Desperation in dogs also has a heavy smell – something like wood rot, like damp pine needles, a little like salt-sweet sweat. It’s okay, girl, I say, that spent heeler’s pink smile panting as she lets me pick her up.
Walking back to the car, I think of my sister sleeping down in the valley – about her patch, if that’s what you call it, dotted with browning flowers, two cigarettes wrapped in alfoil and an empty bottle of peach Absolut. I think of my sister, that last night she also left. I think about that boy called Bundy, the one we watched in the Supreme Court, smirking back at us from the dock. There my sister is, again, late that last night, in the kitchen before what will soon become The Event. Shut the fuck up, sis, she said. I love you, but don’t say anything. Go to bed.

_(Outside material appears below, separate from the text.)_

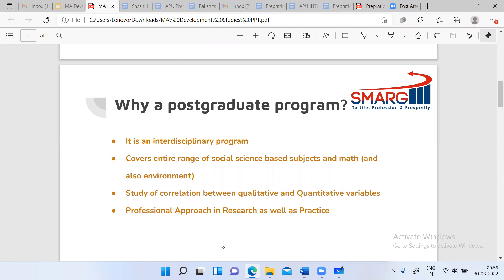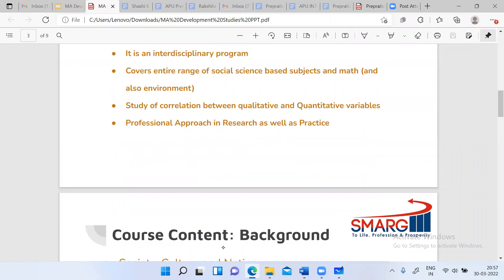This program is mostly thought of as research-oriented, but it also has practical implications. In this two-year program, you'll be going to different colleges, communities, and areas to practice whatever is learned in class. So this is a practice-oriented course as well.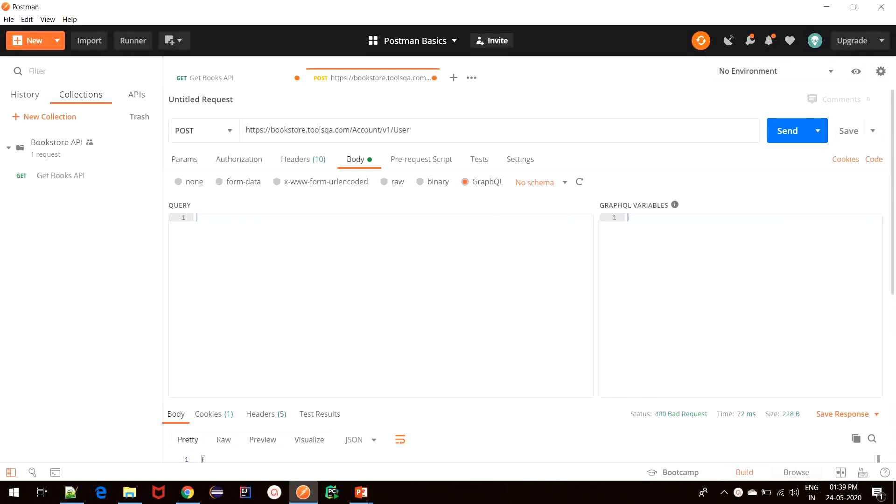So that's it for this tutorial. We learned about body parameters and different types of body parameters that are available in Postman. We need to read through the API documentation to decide which option to use. And we also created our first POST request in Postman.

See the whites of that dog’s eyes, the grass seeds, the swollen paws – her fur the colour of June skies, of bruised thighs, of pencil lead. A supermarket truck passes, brakes grinding as its high beams light up the two of us: me shuffling along the roadside, holding her – that panting loyal heeler, blue and roan, the one my mother loved most of all.
I’ve got you, Pony, I say into lavender fur. I got you, pup, I say again.